Weekly Market Assessment
The week of triple digit moves! This past week we saw 5 straight days of the DOW moving in ether direction 100+ points. That's called welcome back volatility! On Thursday, commentators were saying that this 265+ point sell-off was the worst day for the market since July. On Friday, we had another triple digit move of 175+ point, in what was said, as being the best day for stocks in 7 months. Try and understand what that does to your thought process when trying to gauge where one might be thinking the market is heading and whether to buy, sell or hold a position overnight! We saw a jump in the VIX (volatility index) which is standard, however, there was little change in the 10 Year Treasury Bond, which held above the 2.5% level. This was one small sign of confidence that the market wasn't falling apart however, everyone was screaming from the high heavens how the correction was finally here! We've heard this story before.
On Thursday it looked like the correction had finally arrived! Rumor mongering started first with how Russia may start seizing foreign assets, to then how the Federal Reserve could start tightening interest rates sooner than expected, to finally how the strength in the U.S. dollar was going to be hurting exports on the multinationals earnings. It always amazes me how many excuses or reasons we can come up with for just one down day. Isn't it possible to have stocks go down for once? Or have we become so accustom to having the market break new highs every week! Come Friday, this was all forgotten and the market rallied on as if yesterday never happened! We seem to want a correction so bad that the very hint of one starts a race to the exits and the beginnings of hundreds of news articles followed by commentators emphasizing how and why its happening. We are then lead into, "I have to get out now", and "buy gold for protection", only to be lead astray and left holding the bag as the market reverses its course and forgets what just occurred. It reminds me of a quote I recently heard about portfolio management, "It's not about predicting the rain, it's about building an Ark."
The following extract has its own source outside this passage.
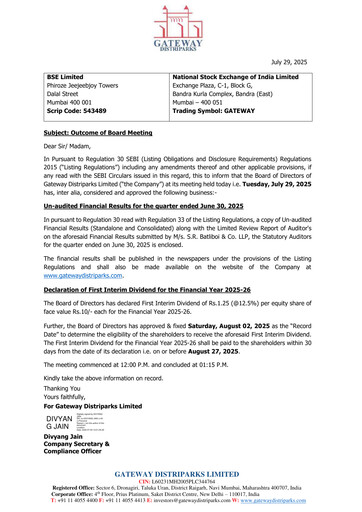 Thumbnail Gateway Distriparks Quarterly Report 2025-q1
The Rant: Going Off on a Tangent with my 2 cents
Making the Watchlist: Below are the stocks that I will be looking at over the coming months. I will provide the the current stock price and why I am watching them. I will comment on them as I continue to keep an eye on them. You will be able to see and follow their growth and/or decline. Chart links may be attached.
From the Trading Floor to the Option Pit: A quick look at whats on the trading desk:
S&P 500 (SPX) -Put on a Vertical "PUT" Spread on Monday and was able to exit it on Tuesday for an option gain of 22%.
Yahoo (YHOO)-I have bought common shares at $39.90. StarBoard Value has taken a significant position in YHOO and is looking to push YHOO into pursuing a strategic partnership with AOL. I have also bought weekly "PUTS" to protect my position below $40. Ill be looking to trade around this position by selling Spreads
Cliffs Natural Resources (CLF)- I have purchased common shares of CLF at $12.15, this position continues to get beaten down due to low iron ore prices and concerned growth in China. There is a well know activist investor in there who has now won a proxy fight and has placed 6 new directors to the board and hired a new CEO. They're looking to sell off non core assets and cut cost which this activist investor has been know to do in the past.